In Aid for the Overdeveloped West, Goudzwaard points out that all men serve god(s)
in their lives. Humans being what they are, no one can be without a god. Having no god is
not an option, even for an atheist. Not believing that one serves any god is possible, but
it is an illusion that mistakes the real state of affairs. Someone or something is always
at the core of life for a human. It may be the true God in Jesus Christ, or it may be some
aspect of creation (rationality, beauty, scientific method, technology, economics, etc.)
raised to the point of imagined ultimacy and thus transformed into an idol. To serve
nothing would mean to be devoid of purpose or goals in life and would effectively drain
the humanness out of life. Westerners, who put their trust in science and its public,
value-free facts really serve the great moderns myth that life is nothing but physics and
chemistry.
Service and worship, then, are definitive of each other and life at the very heart of the
human person. We are by nature derived and dependent beings. Our physical birth through
human parents is a reminder that we are created and hence dependent. To be alive is to
serve some "god" whether we think so or not and whether that god is the true God
or an idol.
Worship As Sacrifice
Historically, worship has always been linked to sacrifice. The Old Testament is full of
sacrificial regulations and their observance, or of their violation in sacrifices offered
to the idols. To ancient peoples sacrifices that served to placate the gods or to secure
their favor were a never-ending responsibility. Third World peoples not yet metamorphosed
by modern Western technological and bureaucratic development still show this
characteristic. In the Peoples Republic of China, for example, in spite of decades
of severe governmental repression, sacrifices to the ancestors as well as Buddhist and
Taoist sacrifices have persisted and are now again on the increase.
In the Bible, the Old Testament animal sacrifices were all consummated and so abolished in
the once-for-all-sacrificial death of the Son of God at Calvary. This did not mean,
however, that the practice of sacrifice was expunged. It now came into a fullness of
meaning which slain animals on altars could only hint at. The sacrifice of Christ became
the pattern for the life of Gods people.
Romans 12:1 explains this, "I urge you therefore, brethren, by the mercies of God, to
present your bodies a living and holy sacrifice, acceptable to God, which is your
spiritual service of worship." (New American Standard Version) Sacrifice is not
removed from worship by the doctrine of the New Testament as compared to the Old; it is
translated into the sacrifice of a life lived in the service of God.

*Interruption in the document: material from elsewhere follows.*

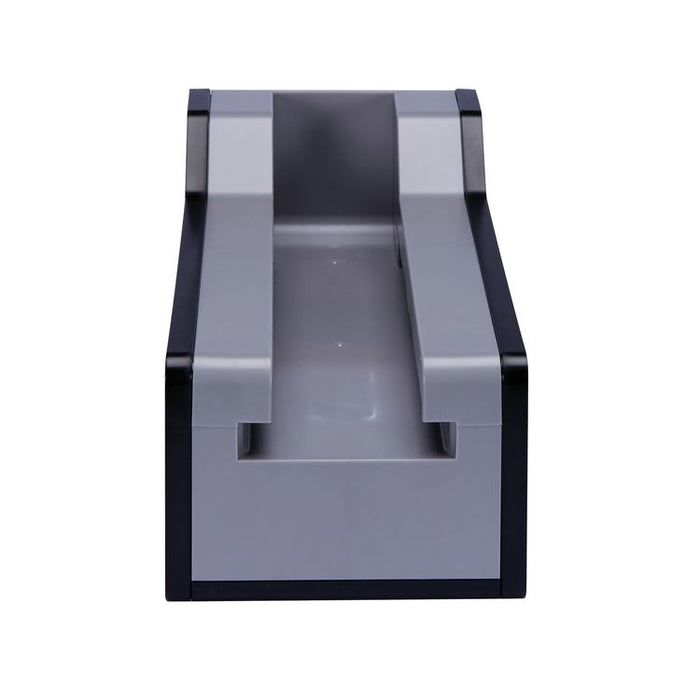 Cutlerease Base, Holds 1 Dispenser, 5.38 x 11 x 5.25, Gray/Black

This verse talks in a very ordinary, earthly terms about our bodies and their activities.
Worship is not an ethereal otherworldly "spiritual" activity. It is to be
evident in every bodily activity and function. The Bible does not endorse the ancient
Greek distinction between a rational soul, seat of what is good in humans, and a material
body, locus of evil. God created humans with bodies. He likes bodies. He plans to
resurrect them. And His worship consists essentially in the presentation of our bodily
activities as a sacrifice to Him.
The implications of this are exceedingly far-reaching. Ordinary things are holy things,
for they are to be offered up to God in the service of worship. There are, then, no really
secular activities for Christians. What would happen if Christians were to comprehend and
practice this sort of worship is unimaginable. There would be a revival of unimaginable
proportions.
Hebrews 13:15 throws further light on the idea of New Testament sacrifice when it enjoins
us, "Through him, then let us continually offer up a sacrifice of praise to God, that
is the fruit of the lips that give thanks to His name." (NAS) When we begin, as C.S.

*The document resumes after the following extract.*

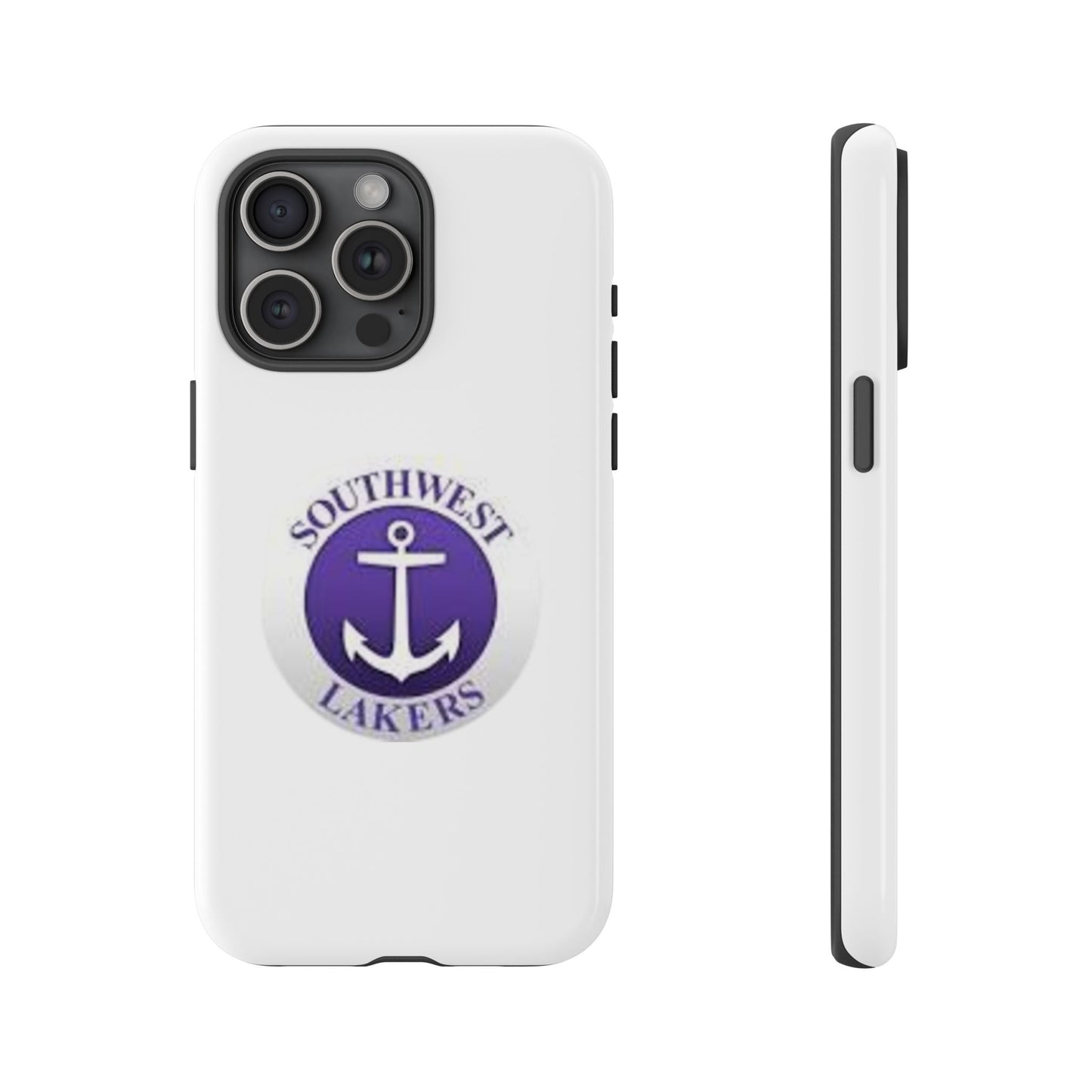 Minneapolis Southwest Lakers Anchor Phone Case - Tough & Stylish Protection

Lewis suggests, to "read" our pleasures as "shafts of glory touching our
sensibilities," and when we enter more fully into an awareness that creation in its
entirety is revelatory of God (Psalm 19; Isaiah 6:3; Job 42:5-6; Romans 1:20), then praise
will come irrepressibly to our lips and the sacrifice of the bodily life will be
complimented by the sacrifice of grateful lips.
Worship As Priesthood
Sacrifice and priesthood are inseparable. Sometimes young Christians, zealous to read
the Bible from cover to cover, are daunted by the profusion of priestly regulations in the
early parts of the Old Testament. There is, however, a reason for that profusion. The
prominence of the priesthood in the childhood of that race was indicative of something
very important in the nature and task of humans. A priest is a person who takes something
out of the created world and offers it up to God. In Old Testament times, priests belonged
to a special class, but the New Testament demonstrates the central importance of
priesthood by declaring that Christians are all priests now (1 Peter 2:5, 9). Schmemann,
in his book, For the Life of the World, makes this point in these words:
"The first, the basic definition of man is that he is a priest. He stands in the
center of the world and unifies it in his act of blessing God, of both receiving the world
from God and offering it to God - and by filling the world with this Eucharist, he
transforms his life, the one he receives from the world, into life in God, into communion
with Him." (page 15)
Schmemann illustrates by explaining that when we eat, we take dead food into our
bodies. This food becomes part of us, and we offer it back to God in lives of loving
service. The same thing happens to the air we breathe, the water we drink, the time we
spend, the friendships we enjoy. Our task is to take the created world into ourselves and
to offer it back to God in lives of loving service to Him and to our neighbors. In the
process we sanctify the creation and make it a means of communion with God. Husbands and
wives serve God as they serve each other (Ephesians 5:21) and as they care for their
children. Humdrum daily routines, from changing diapers to helping with homework, become
transfigured when we realize that they are priestly activities done in love to God through
service to people who bear His image. Ordinary things are indeed holy things. Driving a
school bus, or designing an airplane, or delivering pizzas - every human activity involves
doing something with Gods created world. When done as service to Him through service
to our neighbor, each one can be a priestly offering to Him whose pleasure with our
service is lifes very highest reward.
Worship and Work
Now we can return to the customary concept of worship as centered on Sunday church
service and ask, what is the relation of daily work to Sunday worship? Nicholas
Wolterstorff, in Until Justice and Peace Embrace, suggests that they exist in a
rhythmical relationship. The church service is not so different from daily life and work
so much in quality as in intensity. If our daily lives have been offerings to the Lord,
then there need be no "speed bump" between Saturday and Sunday. On the
Lords day we gather to celebrate what has been happening all week. Our offering to
the Lord consists of rejoicing together, singing together, praying together, and exhorting
one another in an experience of holy joy. We acknowledge publicly that what makes life
worth living is taking the world into hearts which have been revitalized by Gods
grace and giving it back to Him in loving and devoted service. Sunday is the day to stop
and enjoy what has been going on all week, just as the Lord rested on the seventh day to
review and enjoy His "good" creation. Of course, for us, sin enters into the
picture and there is need for repentance, confession, absolution and exhortation. But more
and more it can and should be that Sunday sums up and focuses the service and worship of
God which has been the pervading quality of our workday lives all week long.